Our homeschool year is off to a fantastic start, and it’s enough to stop me in my tracks several times a day with thankfulness and joy.

I’m not telling you this to gloat; I’m telling you because it wasn’t that long ago that we seriously considered other options and almost threw in the towel altogether.

Sean and I knew we were going to homeschool from the very beginning of our relationship. It’s something I’ve wanted to do since I was 16 (when my parents pulled me out of the private Christian school I attended in favor of a home correspondence program), and Sean has been on board since we began dating shortly after that.

When our oldest turned 3, I began experimenting with various preschool programs — Five in a Row, Sonlight, my own curriculum, etc.

And time and time again, my efforts turned to frustration. I’m great at lesson planning, but not so great at execution. As a busy work-at-home mom of three under three and then four under five, there were just never enough hours in the day and our lessons would get put off, shoved aside or end in frustration.
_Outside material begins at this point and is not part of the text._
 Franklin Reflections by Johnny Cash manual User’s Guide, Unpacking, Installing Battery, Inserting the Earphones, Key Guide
On finding your homeschool groove

When our oldest was 7 and still not reading fluently, I felt an extreme amount of guilt because I was sure I was failing her.

Looking back, I think it was really a combination of my inconsistency and her own brain development (and now, at 10 years old, she can read anything you put in front of her and has devoured hundreds of books in the last few years), but it was the wake-up call I needed to really find a solution.
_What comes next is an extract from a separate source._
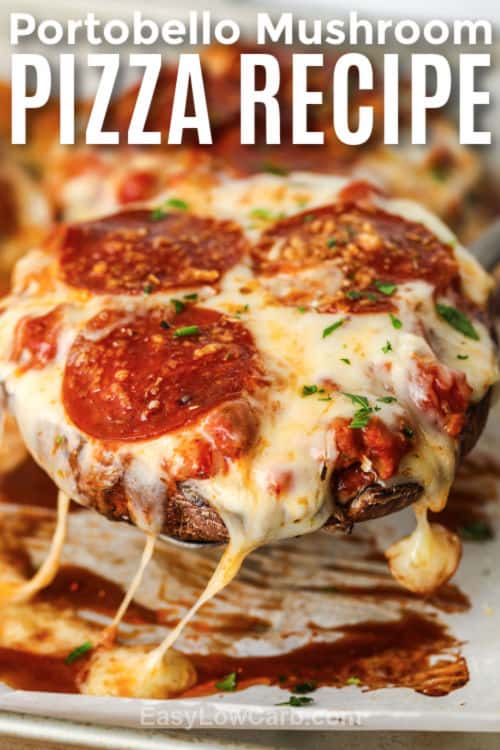 Portobello Mushroom Pizza with writing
That was the beginning of our journey into independent work, which has literally transformed our homeschool.

While I am still very much involved in their schoolwork (especially now that we have four students, a fact that I still can’t quite wrap my head around), I am able to assign and oversee, helping when they get stuck or keeping them on track throughout the day, rather than teaching all day every day. That has allowed me to juggle work and homeschooling without feeling like they’re getting the short end of the stick.

On finding your homeschool groove

And it’s worked. That first summer after I made that decision, we started with just the basics, adding in subjects as they got the hang of working independently.
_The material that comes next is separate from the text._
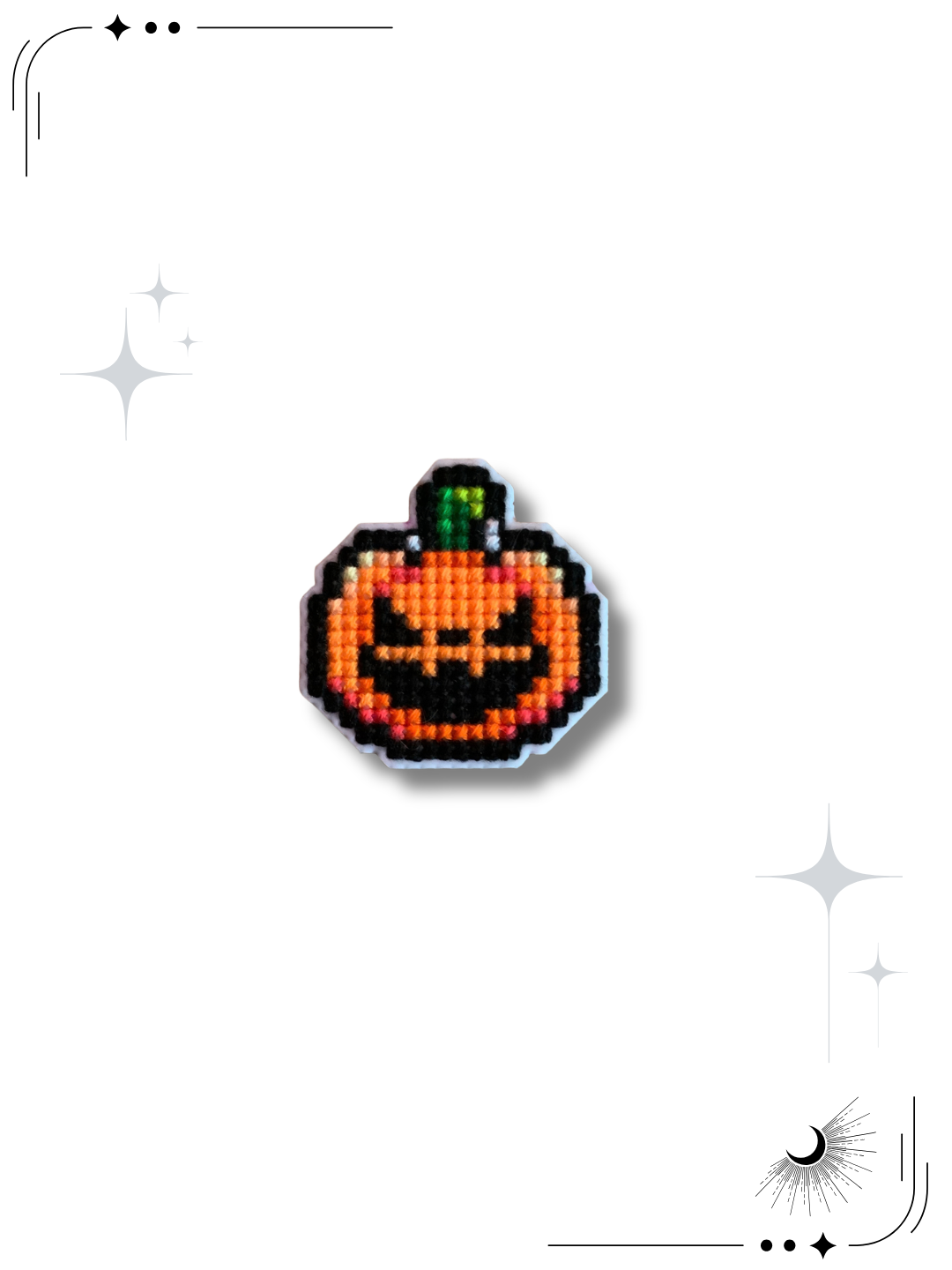 Jack Attack Handmade Cross Stitch Pin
While we’ve had hard days along the way and had to make adjustments to our curriculum, we’re all really enjoying homeschooling now. Our girls wake up and come downstairs ready to dive into their school day, knowing what’s expected of them and challenging themselves to get it done quickly (but knowing Mom will be checking quality).

There is still occasional whining, I’m still trying to find a routine that leaves me time to concentrate on work without a million interruptions, and we need to figure out how to get them the alone time they need since school now extends into the afternoon, but our first two weeks have been really amazing, especially when compared to that spring 3 years ago when I felt like a complete failure.

On finding your homeschool groove

What I realized was two-fold:

1. Just because “school” is hard with preschoolers and kindergarteners doesn’t mean it will always be a struggle. It’s okay to take a step back and just enjoy stories and real life learning experiences, even if you don’t plan to unschool the whole way through. Our girls all excel in language arts, and I don’t think it’s because of anything I’ve done other than provide dozens and dozens of audiobooks for them to listen to every day. Our younger girls have all been ready to jump into their kindergarten year without any academic preparation at all just because we count and talk and explore together all day.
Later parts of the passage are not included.